Army Corps of Engineers responds to coastal storm threat

Published Oct. 14, 2016
Seattle – Seattle District flood team members are preparing to make revetment repairs at La Push on the Washington coast and have distributed sandbags to the City of Aberdeen and Hoh Tribe in anticipation of a significant coastal storm Saturday.

The Rialto revetment in La Push, Washington, has a 300-foot-long damaged section. The revetment along this stretch completely failed and only the underlying gravel berm remains. The structure’s crest in the damaged area is between four and six feet lower than the design elevation and adjacent structure elevation. Given the revetment’s condition, if no action is taken a breach in the damaged area is highly likely.

The Corps sent an advance measures team to La Push October 12 to assess a National Park Service road that will to be used to carry equipment and material to the Rialto revetment. The road is currently damaged, and a Corps team will begin work October 14 in La Push by widening the road to allow trucks to haul material to the revetment for the needed repairs.

A breach of the revetment would expose the Quileute reservation riverward shoreline, Coast Guard Station, marina and training wall to direct wave action. The training wall is not designed to protect the marina from wave action and would likely be destroyed if exposed to ocean waves and debris. This is the only Safe Harbor for 60 miles along the Pacific Ocean.

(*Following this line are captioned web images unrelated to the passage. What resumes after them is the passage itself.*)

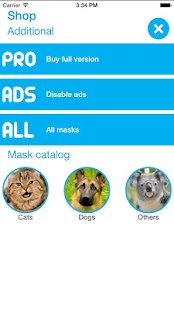 How to mod Animal detector - funny masks 1.0.3 mod apk for android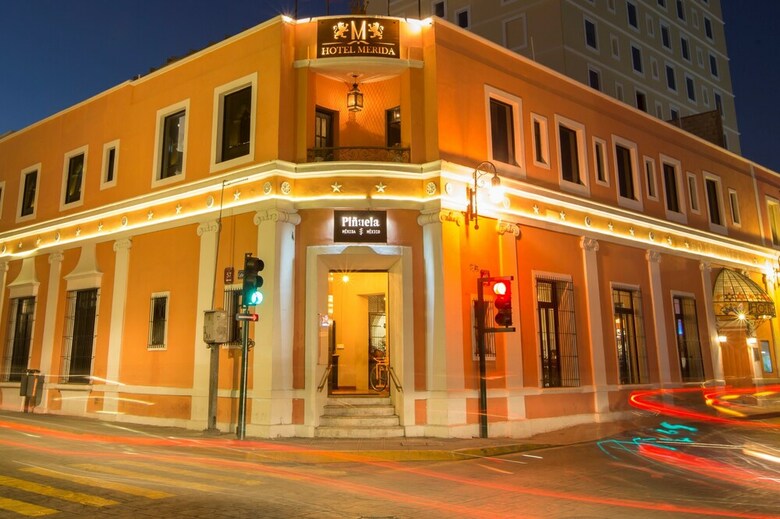 Hotel M�rida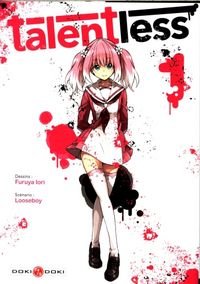 Produktbild: Talentless. Tome 1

For these reasons the Corps will begin emergency repairs to the revetment as soon as truck access to the site is established.

The U.S. Army Corps of Engineers maintains the federally constructed revetment at La Push and anticipates emergency repairs made in the next couple of weeks will underpin permanent repairs that will be needed after storm season.

Public Law 84-99 enables the Corps to assist state and local authorities in flood fight activities and cost share in the repair of flood protection structures. The purpose is to prevent loss of life and minimize property damage associated with severe weather.

Private citizens seeking sandbags should contact their local government offices. 

The National Weather Service issues flood watches and warnings and should be consulted for that information.